Together, these methods underpin modern genomics, molecular diagnostics, and bioinformatics, allowing detailed exploration of life at the molecular level and fulfilling the OCR specification aim to understand both the principles of sequencing and the advances that enable high-throughput analysis.
FAQ
The key difference lies in the sugar structure. ddNTPs lack the 3’-hydroxyl (–OH) group on the deoxyribose sugar that normal dNTPs possess.

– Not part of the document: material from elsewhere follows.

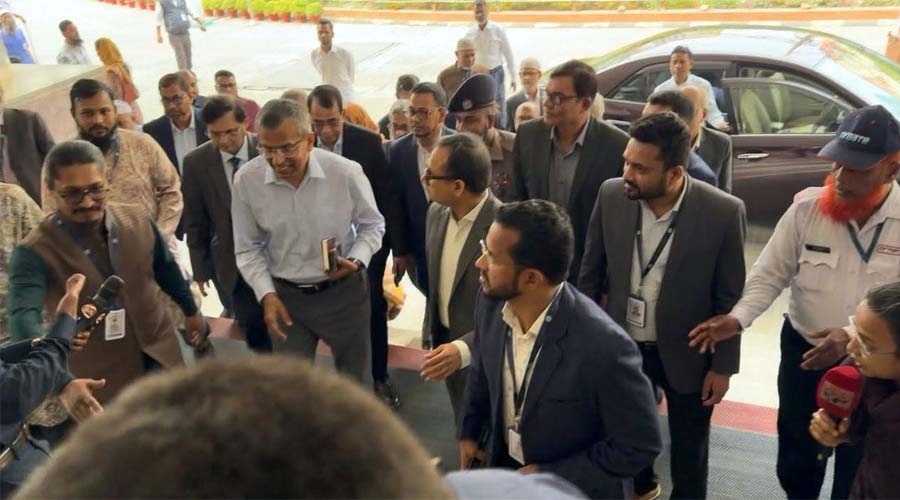 বাংলাদেশ ব্যাংকে যোগ দিলেন নতুন গভর্নর মোস্তাকুর রহমান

Without this group, a phosphodiester bond cannot form with the next nucleotide, halting chain elongation.
This chemical difference is what allows ddNTPs to terminate DNA synthesis at specific points, a fundamental principle of Sanger sequencing.
Earlier sequencing methods used radioactive isotopes to identify nucleotides, but fluorescent labels are now preferred for safety and efficiency.
Fluorescent dyes emit light at specific wavelengths corresponding to each base (A, T, C, G).
This allows real-time detection through laser excitation and imaging.
Fluorescence avoids radioactive waste and enables automated sequencing by computer-controlled systems.
Even if multiple fragments terminate at the same base, they differ in length, and separation by capillary electrophoresis resolves these differences.
Each fragment migrates according to its size — shorter fragments move faster through the gel matrix.
The detector identifies the fluorescent tag on the terminating base of each fragment, ensuring accurate sequence reconstruction from smallest to largest.
Bioinformatics processes and interprets the vast data produced by high-throughput sequencing.
Key functions include:
Sequence assembly: Aligning millions of short reads into continuous genomic sequences.
Error correction: Identifying and correcting sequencing inaccuracies.
Annotation: Locating genes and regulatory regions within the genome.
Data storage: Managing terabytes of raw sequence data efficiently.
The Human Genome Project (completed in 2003) cost around $3 billion and took over a decade.
Modern high-throughput sequencing can now sequence a human genome for under £1,000 in a few days.
This dramatic cost reduction results from automation, miniaturisation, and massively parallel processing, making genome sequencing accessible for medical diagnostics, evolutionary studies, and personalised medicine.
Practice Questions
Question 1 (2 marks)
Describe how the incorporation of dideoxynucleotides (ddNTPs) leads to chain termination during Sanger DNA sequencing.
Mark Scheme:
1 mark: States that ddNTPs lack a 3’-hydroxyl (OH) group on the deoxyribose sugar.
1 mark: Explains that without a 3’-OH group, no further nucleotides can form phosphodiester bonds, stopping DNA strand elongation.
Question 2 (5 marks)
Explain how modern high-throughput sequencing techniques differ from the traditional Sanger method, and discuss two advantages of these modern approaches.
Mark Scheme:
1 mark: States that high-throughput sequencing (next-generation sequencing) sequences millions of fragments simultaneously, whereas Sanger sequences one fragment at a time.
1 mark: Describes that NGS uses automated, parallel sequencing by synthesis with fluorescently labelled nucleotides and imaging.
1 mark: States that Sanger sequencing is slower and more labour-intensive.
1 mark: Mentions an advantage such as increased speed, allowing whole genomes to be sequenced within days.
1 mark: Mentions another advantage such as lower cost per base, greater data output, or broader genome coverage.